Hoy, mientras las portadas de los periódicos lloran su muerte, sabemos que Maradona fue el Che Guevara del fútbol que acribillaba a golazos al pérfido enemigo inglés invasor de Las Malvinas; un Fidel Castro del balompié que plantaba cara al gringo supremacista y prepotente. El 22 de junio de 1986, cuartos de final del Mundial de México, Diego Maradona ganaba su batalla definitiva, la que lo consagró para la historia con aquella carrera sobre el ardiente Estadio Azteca en la que fue sorteando ingleses, uno tras otro, hasta anotar un gol imposible cuya belleza y plasticidad ningún futbolista ha conseguido ni conseguirá superar jamás. El espacio-tiempo se detuvo por un instante haciendo añicos las leyes fundamentales de la naturaleza. Lo que hizo Einstein abriendo nuevas puertas a la ciencia lo consiguió El Pelusa en aquel eslalon para la eternidad con constantes cambios de ritmo, perfección técnica inusitada y una magia nunca antes vista en un estadio de fútbol. Poco antes del mítico minuto 55, el nuevo Zeus del fútbol había marcado aquel gol ilegal, “la mano de Dios”, que acrecentó aún más su leyenda. Inglaterra sufría dos derrotas en una: la de la humillación a manos del pícaro bonaerense y canchero; y la del potente hombre-bala, un misil o “barrilete cósmico” que atravesó el estadio azteca a veinte kilómetros por hora y que dio de lleno en la línea de flotación de la Royal Navy, vengando las atrocidades cometidas por el Imperio de su Majestad en Las Malvinas. Había nacido el mito que trascendía los limites del deporte.

Desde aquel día glorioso, Maradona fue mucho más que un pelotero, fue un héroe de guerra para todos los argentinos. Desde entonces se convirtió en un “futbolista-político”, un referente social como en su día lo fue Jesse Owens −el atleta negro que con sus récords mundiales en los Juegos Olímpicos de Berlín de 1936 amargó la fiesta racista a Adolf Hitler−, o el boxeador Muhammad Ali, otro icono al que las minorías étnicas y los pobres sin futuro idolatraban como un líder contra la injusticia y la opresión.

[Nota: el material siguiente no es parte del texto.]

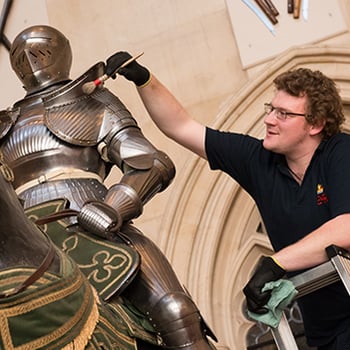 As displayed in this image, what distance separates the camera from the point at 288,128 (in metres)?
1.98

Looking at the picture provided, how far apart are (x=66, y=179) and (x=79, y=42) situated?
2405 millimetres

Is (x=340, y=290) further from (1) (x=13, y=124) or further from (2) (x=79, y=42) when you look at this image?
(2) (x=79, y=42)

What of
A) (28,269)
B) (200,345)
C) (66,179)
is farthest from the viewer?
(66,179)

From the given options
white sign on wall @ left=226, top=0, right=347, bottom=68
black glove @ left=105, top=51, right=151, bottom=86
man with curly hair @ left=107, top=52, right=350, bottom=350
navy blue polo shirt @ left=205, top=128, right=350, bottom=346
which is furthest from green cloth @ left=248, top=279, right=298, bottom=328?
white sign on wall @ left=226, top=0, right=347, bottom=68

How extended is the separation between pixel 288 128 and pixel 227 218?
196 cm

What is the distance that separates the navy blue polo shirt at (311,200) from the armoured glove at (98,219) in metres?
0.39

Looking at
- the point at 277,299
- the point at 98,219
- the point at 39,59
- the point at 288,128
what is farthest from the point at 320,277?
the point at 39,59

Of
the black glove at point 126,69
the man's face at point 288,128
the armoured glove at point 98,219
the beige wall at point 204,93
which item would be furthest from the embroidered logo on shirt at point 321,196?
the beige wall at point 204,93

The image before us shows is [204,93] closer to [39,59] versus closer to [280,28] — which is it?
[280,28]

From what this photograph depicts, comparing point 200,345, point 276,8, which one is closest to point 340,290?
point 200,345

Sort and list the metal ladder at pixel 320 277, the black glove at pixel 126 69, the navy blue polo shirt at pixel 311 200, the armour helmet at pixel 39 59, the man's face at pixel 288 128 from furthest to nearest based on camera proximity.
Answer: the armour helmet at pixel 39 59
the black glove at pixel 126 69
the man's face at pixel 288 128
the navy blue polo shirt at pixel 311 200
the metal ladder at pixel 320 277

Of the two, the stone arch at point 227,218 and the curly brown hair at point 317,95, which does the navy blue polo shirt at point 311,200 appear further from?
the stone arch at point 227,218

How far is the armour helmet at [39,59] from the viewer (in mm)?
2387

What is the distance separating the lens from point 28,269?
1.32 metres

Según el antropólogo Claude Lévi-Strauss, todo mito nos pone ante el misterio de una pregunta existencial (el nacimiento, la muerte, el dolor, la victoria y la derrota, la verdad de la vida); está formado por contrarios irreconciliables (creación contra destrucción, vida frente a muerte, dioses contra hombres, el bien contra el mal); y nos reconcilia con nosotros mismos tras esa lucha interna conjurando nuestra angustia. De ahí la catarsis. Al dios Maradona lo hemos visto arrastrarse por el fango de la droga, atropellar y disparar perdigonazos contra periodistas, ser acusado de abuso sexual y perder la cabeza con sus borracheras. La autodestrucción personal, el destino fatal y el malditismo suelen acompañar a los grandes mitos, como aquellos semiodioses de la Antigua Grecia que eran capaces de lo mejor y de lo peor. “El Diez” era humano, quizá demasiado humano, y por eso precisamente lo adora el pueblo. Por esa razón miles de argentinos desfilan estos días por la Casa Rosada, entre sollozos y lágrimas, para dar su último adiós al fenómeno. Maradona no fue ningún dios digno de adoración como dicen sus adeptos de la Iglesia maradoniana (entre otras cosas porque los dioses no existen), solo fue un hombre con más defectos que virtudes a quien la gente eligió por circunstancias del destino para llevar la pesada corona. Esa aura de vulnerabilidad, de carnalidad, de mortalidad, es lo que hace que algunos héroes se conviertan en leyendas eternas y sean amados por la tribu de generación en generación.